• WHAT NEEDS TO BE DONE
Write out all the data again, exactly.

(Excerpts from a dataset)
»»
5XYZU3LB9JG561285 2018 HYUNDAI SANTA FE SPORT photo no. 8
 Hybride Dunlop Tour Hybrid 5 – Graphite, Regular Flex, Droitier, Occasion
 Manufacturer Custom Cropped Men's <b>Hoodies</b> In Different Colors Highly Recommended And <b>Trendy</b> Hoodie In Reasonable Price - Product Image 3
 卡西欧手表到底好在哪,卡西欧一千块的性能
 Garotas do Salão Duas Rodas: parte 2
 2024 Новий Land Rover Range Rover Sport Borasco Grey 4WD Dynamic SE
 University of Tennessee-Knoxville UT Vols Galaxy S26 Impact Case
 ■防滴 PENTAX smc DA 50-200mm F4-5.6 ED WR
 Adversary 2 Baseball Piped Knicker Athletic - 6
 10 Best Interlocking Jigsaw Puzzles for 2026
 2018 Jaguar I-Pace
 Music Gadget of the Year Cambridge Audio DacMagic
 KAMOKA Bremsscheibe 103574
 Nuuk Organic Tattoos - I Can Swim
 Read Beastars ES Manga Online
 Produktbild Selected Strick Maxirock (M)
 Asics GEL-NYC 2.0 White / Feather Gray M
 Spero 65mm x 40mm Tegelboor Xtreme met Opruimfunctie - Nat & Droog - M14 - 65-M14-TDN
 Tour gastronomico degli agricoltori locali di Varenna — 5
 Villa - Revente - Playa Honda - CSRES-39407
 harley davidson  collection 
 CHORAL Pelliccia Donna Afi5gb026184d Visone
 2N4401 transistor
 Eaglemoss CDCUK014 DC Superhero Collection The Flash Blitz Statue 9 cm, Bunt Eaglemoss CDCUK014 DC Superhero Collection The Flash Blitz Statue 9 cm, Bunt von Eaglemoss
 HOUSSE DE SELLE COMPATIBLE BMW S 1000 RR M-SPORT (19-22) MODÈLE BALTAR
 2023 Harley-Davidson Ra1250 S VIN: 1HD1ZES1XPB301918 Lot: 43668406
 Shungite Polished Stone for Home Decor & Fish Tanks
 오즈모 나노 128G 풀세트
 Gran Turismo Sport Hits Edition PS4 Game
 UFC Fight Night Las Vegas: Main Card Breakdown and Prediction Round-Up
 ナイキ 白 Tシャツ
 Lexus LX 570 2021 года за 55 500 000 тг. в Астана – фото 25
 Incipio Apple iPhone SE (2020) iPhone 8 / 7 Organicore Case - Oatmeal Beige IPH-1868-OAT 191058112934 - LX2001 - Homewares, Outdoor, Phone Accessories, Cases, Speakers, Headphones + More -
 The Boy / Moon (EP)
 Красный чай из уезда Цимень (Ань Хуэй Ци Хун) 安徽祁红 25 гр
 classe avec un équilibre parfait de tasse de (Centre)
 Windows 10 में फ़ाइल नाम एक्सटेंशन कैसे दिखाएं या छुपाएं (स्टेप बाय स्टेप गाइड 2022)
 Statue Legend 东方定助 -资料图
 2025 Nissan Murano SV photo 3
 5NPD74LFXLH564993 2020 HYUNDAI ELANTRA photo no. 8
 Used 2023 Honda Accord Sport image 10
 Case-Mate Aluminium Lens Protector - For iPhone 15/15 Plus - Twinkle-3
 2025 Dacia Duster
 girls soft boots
««
• ANSWER SPACE
5XYZU3LB9JG561285 2018 HYUNDAI SANTA FE SPORT photo no. 8
 Hybride Dunlop Tour Hybrid 5 – Graphite, Regular Flex, Droitier, Occasion
 Manufacturer Custom Cropped Men's <b>Hoodies</b> In Different Colors Highly Recommended And <b>Trendy</b> Hoodie In Reasonable Price - Product Image 3
 卡西欧手表到底好在哪,卡西欧一千块的性能
 Garotas do Salão Duas Rodas: parte 2
 2024 Новий Land Rover Range Rover Sport Borasco Grey 4WD Dynamic SE
 University of Tennessee-Knoxville UT Vols Galaxy S26 Impact Case
 ■防滴 PENTAX smc DA 50-200mm F4-5.6 ED WR
 Adversary 2 Baseball Piped Knicker Athletic - 6
 10 Best Interlocking Jigsaw Puzzles for 2026
 2018 Jaguar I-Pace
 Music Gadget of the Year Cambridge Audio DacMagic
 KAMOKA Bremsscheibe 103574
 Nuuk Organic Tattoos - I Can Swim
 Read Beastars ES Manga Online
 Produktbild Selected Strick Maxirock (M)
 Asics GEL-NYC 2.0 White / Feather Gray M
 Spero 65mm x 40mm Tegelboor Xtreme met Opruimfunctie - Nat & Droog - M14 - 65-M14-TDN
 Tour gastronomico degli agricoltori locali di Varenna — 5
 Villa - Revente - Playa Honda - CSRES-39407
 harley davidson  collection 
 CHORAL Pelliccia Donna Afi5gb026184d Visone
 2N4401 transistor
 Eaglemoss CDCUK014 DC Superhero Collection The Flash Blitz Statue 9 cm, Bunt Eaglemoss CDCUK014 DC Superhero Collection The Flash Blitz Statue 9 cm, Bunt von Eaglemoss
 HOUSSE DE SELLE COMPATIBLE BMW S 1000 RR M-SPORT (19-22) MODÈLE BALTAR
 2023 Harley-Davidson Ra1250 S VIN: 1HD1ZES1XPB301918 Lot: 43668406
 Shungite Polished Stone for Home Decor & Fish Tanks
 오즈모 나노 128G 풀세트
 Gran Turismo Sport Hits Edition PS4 Game
 UFC Fight Night Las Vegas: Main Card Breakdown and Prediction Round-Up
 ナイキ 白 Tシャツ
 Lexus LX 570 2021 года за 55 500 000 тг. в Астана – фото 25
 Incipio Apple iPhone SE (2020) iPhone 8 / 7 Organicore Case - Oatmeal Beige IPH-1868-OAT 191058112934 - LX2001 - Homewares, Outdoor, Phone Accessories, Cases, Speakers, Headphones + More -
 The Boy / Moon (EP)
 Красный чай из уезда Цимень (Ань Хуэй Ци Хун) 安徽祁红 25 гр
 classe avec un équilibre parfait de tasse de (Centre)
 Windows 10 में फ़ाइल नाम एक्सटेंशन कैसे दिखाएं या छुपाएं (स्टेप बाय स्टेप गाइड 2022)
 Statue Legend 东方定助 -资料图
 2025 Nissan Murano SV photo 3
 5NPD74LFXLH564993 2020 HYUNDAI ELANTRA photo no. 8
 Used 2023 Honda Accord Sport image 10
 Case-Mate Aluminium Lens Protector - For iPhone 15/15 Plus - Twinkle-3
 2025 Dacia Duster
 girls soft boots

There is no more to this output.